SUPPLIED RECORDS: Begin

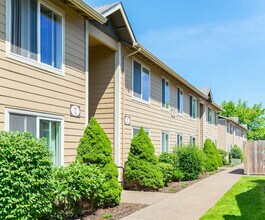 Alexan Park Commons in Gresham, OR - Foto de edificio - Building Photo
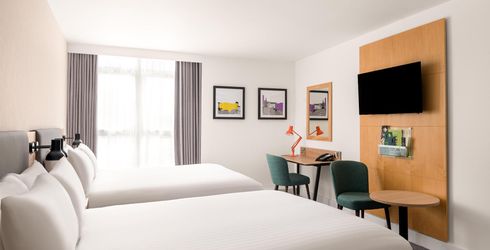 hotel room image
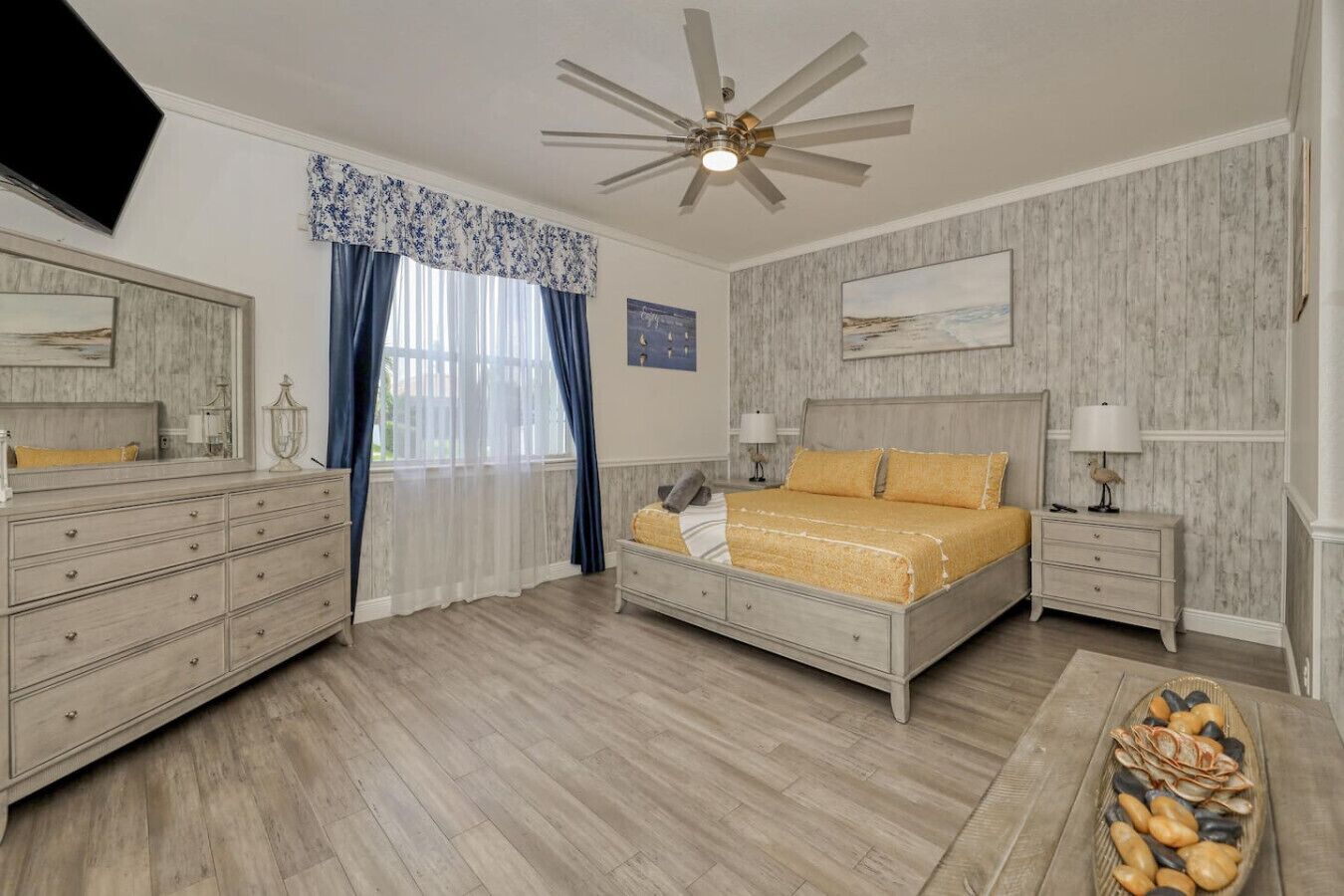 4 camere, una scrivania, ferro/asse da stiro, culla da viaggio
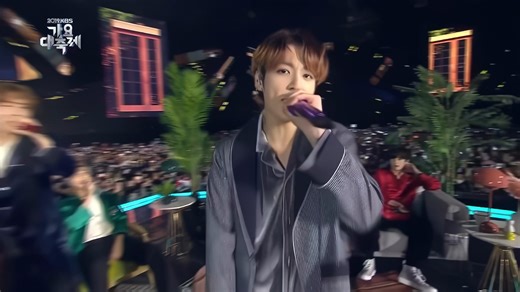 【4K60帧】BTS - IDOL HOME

SUPPLIED RECORDS: End
SUPPLIED RECORDS: Begin

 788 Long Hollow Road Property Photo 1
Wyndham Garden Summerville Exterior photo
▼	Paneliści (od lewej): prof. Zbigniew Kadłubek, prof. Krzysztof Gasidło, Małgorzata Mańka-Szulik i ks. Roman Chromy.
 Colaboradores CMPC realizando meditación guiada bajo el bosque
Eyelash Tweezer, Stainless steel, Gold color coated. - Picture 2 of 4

SUPPLIED RECORDS: End
SUPPLIED RECORDS: Begin

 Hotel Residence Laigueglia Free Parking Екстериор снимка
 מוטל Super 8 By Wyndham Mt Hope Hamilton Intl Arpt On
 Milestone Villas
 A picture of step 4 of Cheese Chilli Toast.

SUPPLIED RECORDS: End

= EXERCISE DESCRIPTION =
Once the line with "Wyndham Garden Summerville Exterior photo" is found in the records above, print exactly that line and every line after it through the line with "Eyelash Tweezer, Stainless".

= YOUR RESPONSE =
Wyndham Garden Summerville Exterior photo
▼	Paneliści (od lewej): prof. Zbigniew Kadłubek, prof. Krzysztof Gasidło, Małgorzata Mańka-Szulik i ks. Roman Chromy.
 Colaboradores CMPC realizando meditación guiada bajo el bosque
Eyelash Tweezer, Stainless steel, Gold color coated. - Picture 2 of 4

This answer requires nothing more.